Um sistema de comando e despacho multimídia integra chamadas de voz, comunicação por rádio, fluxos de vídeo, localização GIS, alertas de emergência e informações de campo em um único ambiente operacional. Ao contrário de um sistema de despacho convencional baseado principalmente em áudio telefônico, ele permite que os operadores vejam o que está acontecendo, localizem o pessoal, comuniquem-se através de diferentes redes e registrem todo o processo de resposta.
O equipamento necessário depende dos recursos de comunicação já disponíveis no local. Uma fábrica pode precisar conectar telefones industriais, sistemas de rádio e vigilância por vídeo. Um operador de transporte pode focar na cobertura de rádio, usuários móveis e rastreamento GIS. Uma organização de segurança pública também pode exigir planos de incidentes, retorno de vídeo, gravação e comunicação entre vários departamentos.
O objetivo do sistema não é simplesmente colocar mais dispositivos em uma rede IP. Seu valor vem de transformar recursos de comunicação separados em um processo de resposta coordenado. Os operadores devem ser capazes de receber um evento, identificar a área afetada, contatar o pessoal adequado, monitorar o progresso e recuperar um registro completo sem ter que se mover entre múltiplos sistemas independentes.
Comece com o processo de resposta operacional
A seleção do equipamento deve começar pela forma como um incidente é detectado, relatado e tratado. O sistema deve suportar toda a cadeia operacional, em vez de fornecer uma coleção de dispositivos de comunicação desconectados.
Um processo de resposta típico inclui:
-
Recebimento de um alarme, chamada telefônica, mensagem de rádio ou evento de vídeo.
-
A plataforma identifica a fonte, localização e departamento responsável.
-
O despachante verifica a situação através de voz, vídeo ou informações GIS.
-
As equipes relevantes são contatadas por meio de telefones, rádios, terminais móveis ou canais de sonorização.
-
Instruções predefinidas ou planos de emergência são ativados quando necessário.
-
Chamadas, gravações, mensagens e ações do operador são armazenadas para revisão posterior.
Esse fluxo de trabalho determina quais servidores, gateways, consoles e terminais são necessários. Também ajuda a prevenir um problema comum de implantação: comprar dispositivos individualmente sem confirmar se eles podem trocar áudio, sinalização, vídeo e informações de status.
Cada caminho de comunicação deve ser mapeado antes da finalização da lista de equipamentos.

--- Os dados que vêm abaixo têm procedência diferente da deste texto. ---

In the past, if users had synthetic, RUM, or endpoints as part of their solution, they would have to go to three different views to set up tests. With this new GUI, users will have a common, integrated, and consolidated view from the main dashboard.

O projeto deve identificar quem inicia a comunicação, qual rede a transporta, qual operador a recebe e o que acontece se a rota principal não estiver disponível. Isso revela interfaces ausentes e requisitos de backup antes do início da instalação.
A plataforma de comunicação forma o núcleo do sistema
A plataforma central fornece os serviços de controle e aplicação usados pelos despachantes e dispositivos conectados. Ela gerencia usuários, organizações, recursos de comunicação, permissões, grupos e registros operacionais a partir de uma interface unificada.

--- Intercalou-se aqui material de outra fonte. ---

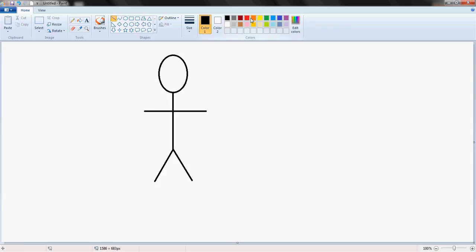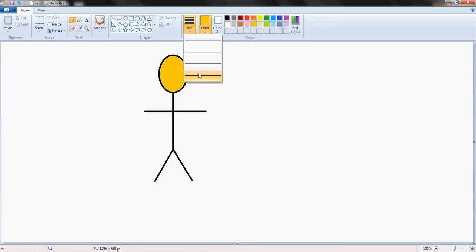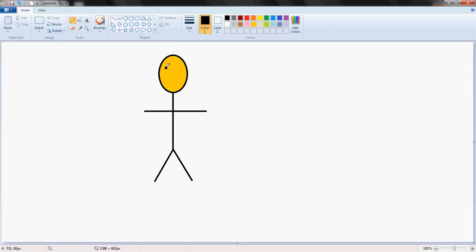Let's give our stickman a skin color, make him slightly tanned. Fill bucket there. Pencil tool, choose the thickest one on this occasion. Well, I don't want it yellow, I want it black, so I'm going to choose the color black as well. Draw his eyes, a nose, and a mouth.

Uma plataforma adequada pode incluir as seguintes capacidades:
-
Chamadas de voz individuais, em grupo e de emergência
-
Chamadas de vídeo, retorno de vídeo ao vivo e distribuição de vídeo
-
Comunicação por push-to-talk (PTT) através de redes privadas ou públicas
-
Posicionamento GIS e rastreamento de pessoal móvel
-
Instruções de despacho e confirmação de status
-
Gerenciamento de planos de emergência e procedimentos de resposta
-
Gravação de áudio, gravação de vídeo e registros de operações
-
Integração com sistemas de alarme, vigilância e sistemas empresariais
A gravação é especialmente importante em ambientes de comando. A plataforma deve preservar chamadas, sessões PTT, eventos de vídeo e ações de despacho com carimbos de data/hora precisos. Esses registros suportam a reconstrução de incidentes, a avaliação operacional e o rastreamento de responsabilidades.

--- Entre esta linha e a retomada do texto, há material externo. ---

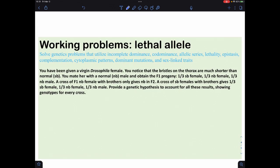Now a lethal allele problem that is also sex-linked. You're given a virgin Drosophila female with bristles much shorter than normal (sb). You mate her with a normal male and get F1 progeny: one-third short bristle female, one-third normal bristle female, one-third normal bristle male. We're dealing with thirds — that's a giveaway we're dealing with lethal alleles.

A plataforma também deve permitir que os recursos de comunicação apareçam em termos operacionais. Em vez de exibir um rádio pelo número da porta ou um telefone pelo endereço técnico, o console pode mostrar nomes como Equipe de Segurança, Rádio de Manutenção, Portão Norte, Sala de Controle ou Grupo de Emergência.
As permissões baseadas em função são igualmente importantes. Um operador de rotina pode precisar apenas de acesso a departamentos e canais atribuídos, enquanto um supervisor pode exigir chamadas entre departamentos, ativação de grupos de emergência e revisão de gravações. Separar as permissões diárias das autoridades de emergência reduz a operação acidental, mantendo as funções críticas disponíveis para usuários autorizados.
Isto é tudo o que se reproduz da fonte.